● **Your instructions**: Copy word for word the lines of the records below, beginning at the one with "デジタル時代に生きる総義歯哲学 Denture Work" and finishing at the one with "[Osterei] Nelson no", ends included, but none of the pictures.

Data extracts Block Start

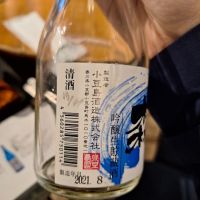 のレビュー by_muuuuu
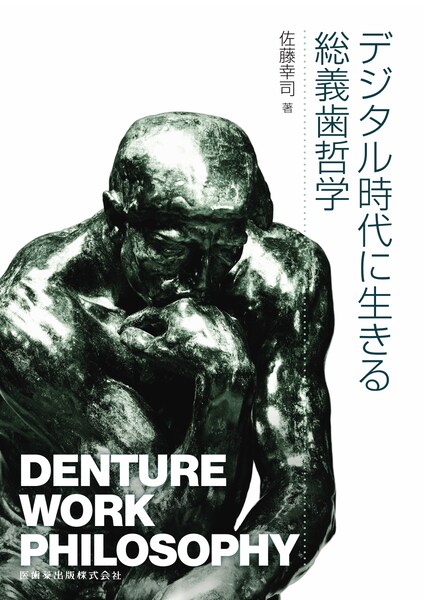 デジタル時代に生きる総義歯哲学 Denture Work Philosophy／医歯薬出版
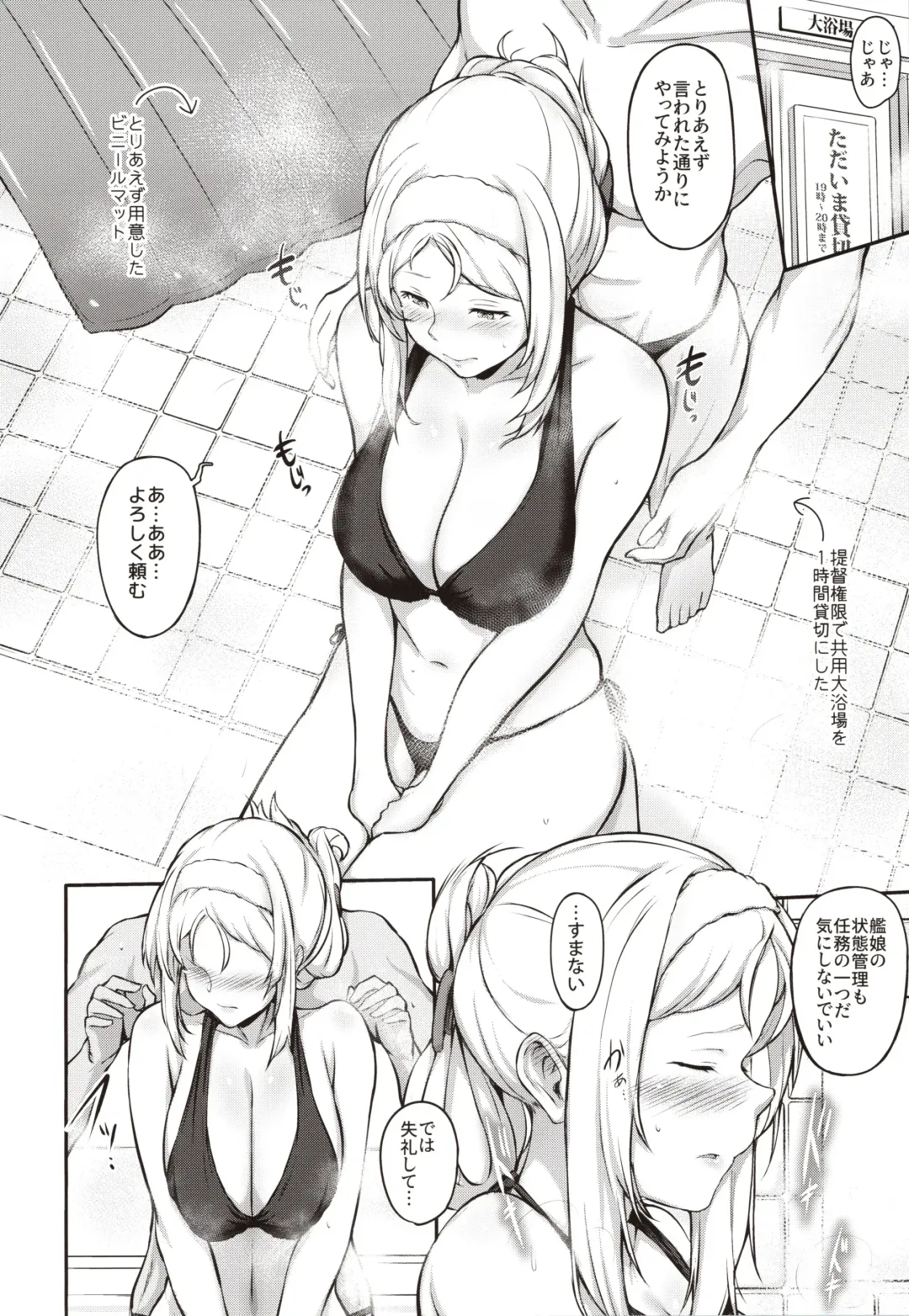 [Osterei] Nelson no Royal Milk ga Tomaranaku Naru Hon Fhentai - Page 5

Data extracts Block End
Data extracts Block Start

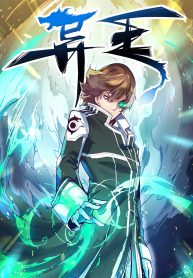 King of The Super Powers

Data extracts Block End

● **Written response**:
 デジタル時代に生きる総義歯哲学 Denture Work Philosophy／医歯薬出版
 [Osterei] Nelson no Royal Milk ga Tomaranaku Naru Hon Fhentai - Page 5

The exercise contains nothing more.